Speaker diarization, determining who spoke when in a multi-speaker recording, is a separate challenge from transcription. A meeting recording with five participants requires not just converting speech to text but labeling each segment with the correct speaker. Speaker diarization models use speaker embeddings (vector representations that capture voice characteristics) to cluster audio segments by speaker. Accuracy drops significantly when speakers talk over each other (overlapping speech), change topics rapidly, or have similar voice characteristics. Combining diarization with transcription to produce attributed transcripts ("Speaker A: Good morning. Speaker B: Let's get started.") is the standard requirement for meeting transcription, call center analytics, and podcast processing.

Accented and dialectal speech reduces accuracy for systems trained primarily on standard varieties of a language. English spoken with a strong Indian, Nigerian, or Scottish accent may produce error rates 2x to 5x higher than standard American English. This bias reflects the composition of training data: internet audio disproportionately represents certain accents and demographics. Accent-specific fine-tuning improves performance but requires collecting and annotating accent-specific data, which can be expensive for under-represented varieties. Multilingual models like Whisper show better accent robustness than monolingual models because exposure to many languages builds tolerance for phonetic variation.

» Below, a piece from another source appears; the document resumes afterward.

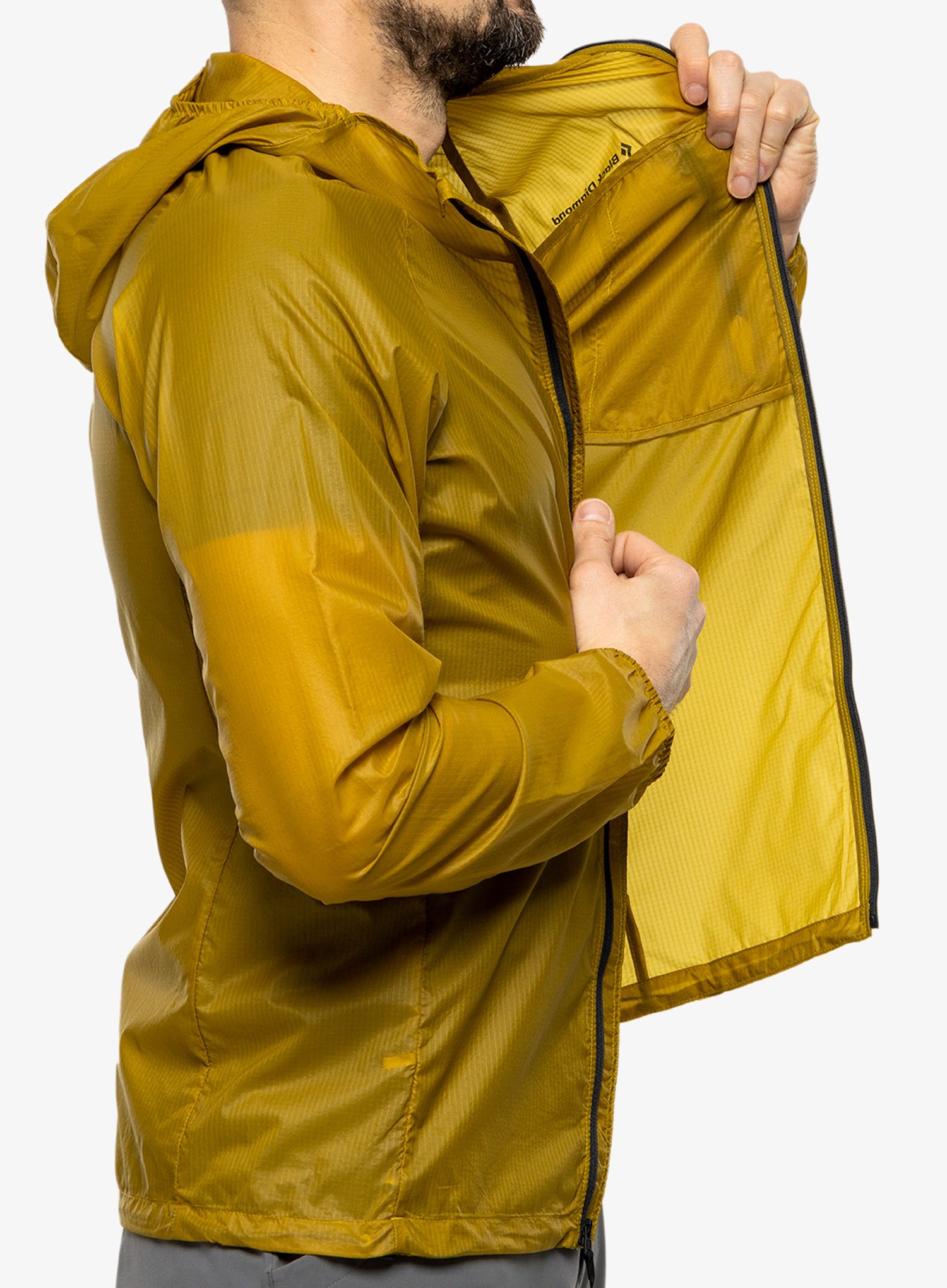 Вітровка Black Diamond Distance Wind Shell - sulphur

Specialized vocabulary in domains like medicine, law, and engineering causes errors when domain-specific terms are not well represented in the training data. A doctor dictating a clinical note expects the system to correctly transcribe "acetaminophen," "tachycardia," and "bilateral pneumothorax." General-purpose ASR models may produce phonetically similar but medically incorrect alternatives. Domain adaptation through fine-tuning on domain-specific transcripts or adding custom vocabulary with pronunciation information addresses this, and specialized medical and legal dictation systems have existed for decades.

Applications

Voice assistants (Siri, Alexa, Google Assistant) use speech recognition as their input modality, converting spoken commands into text for intent recognition and response generation. The ASR component runs on-device for speed and privacy, with cloud-based models available for more complex or ambiguous inputs. On-device models have become remarkably capable: modern smartphones run ASR models that achieve near-server accuracy for common commands and queries.

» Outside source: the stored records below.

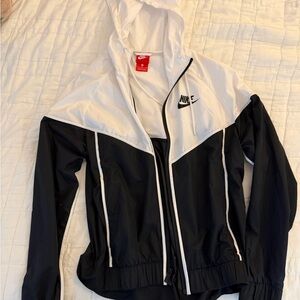 Nike Women's Black and White Utility Jacket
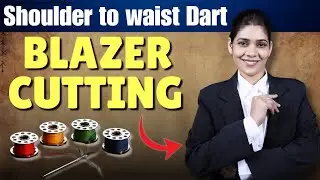 Shoulder To Waist Dart Blazer Drafting Cutting @nisharajputcoaching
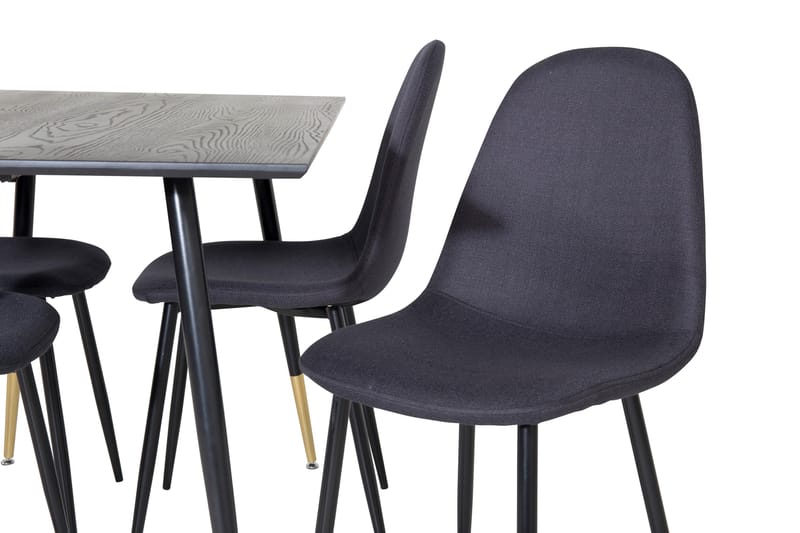 Balisa Spisegruppe 120 cm inkl. 4 Ypas Stoler - Svart - Møbler - Bord - Spisegruppe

Live captioning and subtitling uses real-time speech recognition to provide text captions for video calls, lectures, broadcasts, and live events. YouTube auto-captions process millions of hours of video. Zoom, Teams, and Google Meet offer real-time captions during meetings. Accessibility regulations in many countries require captioning for broadcast media, and ASR has made compliance dramatically cheaper than manual captioning, though accuracy requirements for legal compliance often still demand human review of auto-generated captions.

Call center analytics transcribes customer service calls at scale, enabling analysis of customer complaints, agent performance, compliance monitoring, and trend detection. A large call center may process 50,000 calls per day, generating transcripts that are searched, categorized, and analyzed for quality assurance, training, and business intelligence. Sentiment detection applied to transcripts identifies frustrated customers early in calls, enabling real-time coaching or supervisor escalation.

Key Takeaway

Modern speech recognition uses end-to-end neural models that convert audio spectrograms directly into text, achieving near-human accuracy for clear speech while continuing to improve on accented, noisy, and multilingual audio.